The callback rate for job applicants begins to fall significantly around the age of 40-45 and is close to zero by the age of 70.
This was the “striking” finding of a recent Swedish study in which more than 6,000 fictitious resumes were sent to 2,000 employers with job vacancies from 2015 – 2016. The study, The Effect of Age and Gender on Labor Demand – Evidence from a Field Experiment, was conducted by the Swedish Institute for Evaluation of Labour Market and Education Policy. The authors are Magnus Carlsson of the Center for Labor Market and Discrimination Studies at Linnaeus University and economist Stefan Eriksson of Uppsala University.
On average, the study found that each year of aging reduces the call back rate of a job applicant between the ages of 35 and 70 by about one half a percentage point.
The authors note that it is unreasonable to conclude that workers in their early 40s lack important occupational skills, have low physical strength or bad health. Therefore, they say, the “main story of age discrimination in the labor market is not about being old, say above age 55, but rather about not being young, say below age 40-45.”
The authors suggest that employers fear workers in their early 40s have started to lose the ability to learn new tasks, flexibility and adaptability, and ambition.
The authors write that the call back rate for women drops at a much steeper rate than that of men after the age of 35.

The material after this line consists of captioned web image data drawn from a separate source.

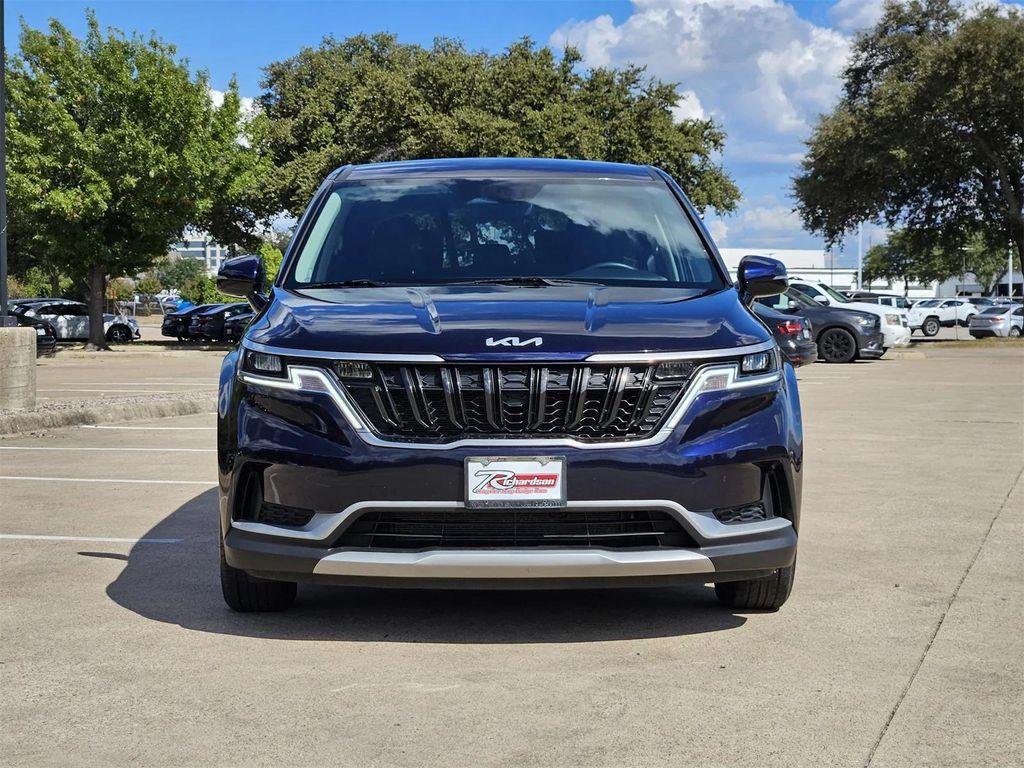 used 2024 Kia Carnival car, priced at $32,216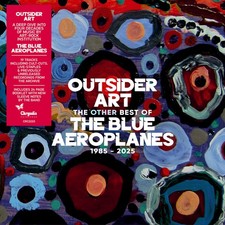 Blue Aeroplanes : Outsider Art: The Other Best of the Blue Aeroplanes 1985-2025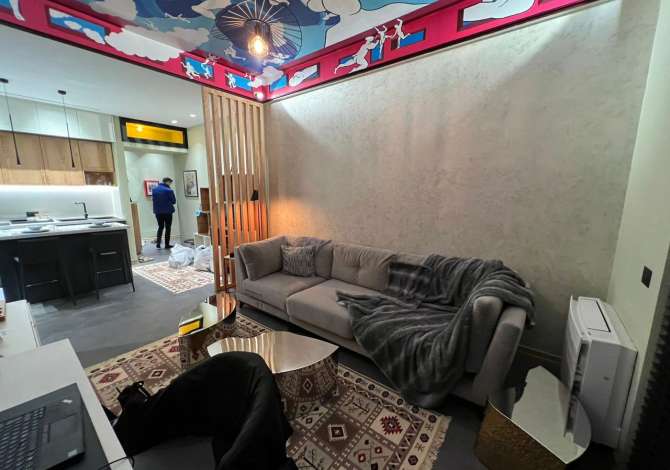 Shtepi me qera 1+1 ne Tirane - 900 Euro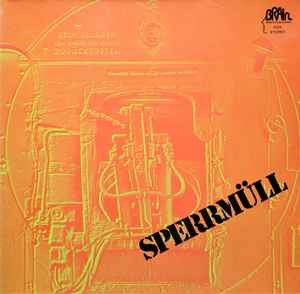 SPERRMULL - SPERRMULL 532 750-4 - фото 5080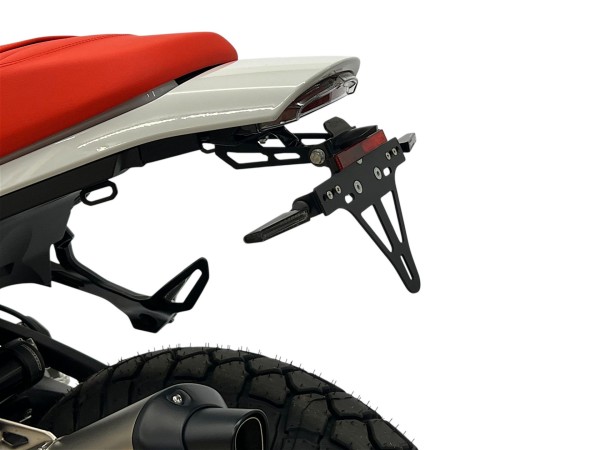 Nummerplaathouder voor BMW R 12 G/S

Th study concludes that age discrimination is a “widespread phenomenon, affecting workers much younger than the age where employers consider them as old (which occurs at age 54 according to our employer survey).
The study encompassed seven occupations that had a job advertisement on the website of the Swedish Public Employment Service. These include administrative assistants, chefs, cleaners, food serving and waitresses, retail sales persons and cashiers, sales representative sand truck drivers.